Inmate labor use cuts costs of new county annex

By Traci Chapman
Published on February 2, 2008

The county’s “courthouse annex” remodel is moving slowly forward, but officials are “ecstatic” about the cost savings involved in the project.

Construction supervisor Dennis Land said the bids received for the remodeling project — the future home of the treasurer’s and assessor’s offices — totaled about $300,000.

The annex is located directly east of the county courthouse at 200 N. Choctaw Avenue in El Reno.
He said the total cost so far, due to inmate labor and buying materials directly from suppliers, is far less.

“We are right about at the $8,000 mark on labor and materials right now,” he said. “We will have more materials to buy, and that doesn’t include running the telephone and data lines across the street. But we’re still way under where we thought we would be.”

Major expenses still to be included in the assessor’s office are carpet and data lines. However, county officials said part of what could have been a “huge expense” has been minimized in part through the purchase of the new phone system in September.

“We would have needed to run all those lines anyway,” District 1 Commissioner Phil Carson said. “The phones themselves can be just picked up and moved over.”

Carson said Land’s “creativity” has aided the project.

“Dennis uses everything from the building he can,” he said, pointing to insulation removed from the old Red Rock Counseling offices. “It’s perfectly fine, and it will save the county a lot of money in the long run.”
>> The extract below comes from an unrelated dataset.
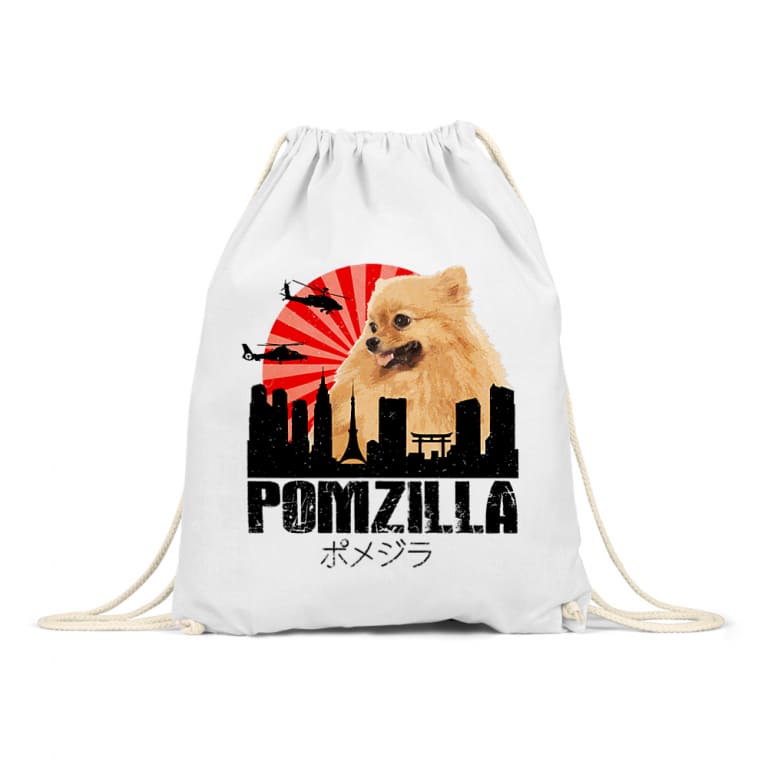 Pomzilla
While the remodel of the assessor’s office is in the “home stretch,” there are still administrative hurdles, such as approval of a crosswalk between the courthouse and new offices and renovation of the sidewalk, which Carson said he believes is “unsafe.” County officials are working with the city of El Reno to complete those projects.

Once the assessor’s office is finished, Land and his crew will move next door to the future treasurer’s office. Carson said he believes those offices will need far less construction due to the general layout of the location.

“The offices on the other (assessor’s) side were so broken up into small little spaces that were basically unusable,” he said. “While this needs work for a public service area, updating paint and carpeting — things like that — it looks to me like it will need less actual ‘construction.’”

Land estimated the assessor’s office would be complete in July. That timeline will partially be determined by the comple- tion of the crosswalk and movement of data cable and other “technology-related” work.

He said he did not want to estimate a time frame for completion of the treasurer’s office until he began renovations and formal discussions with Treasurer David Radcliff and his staff.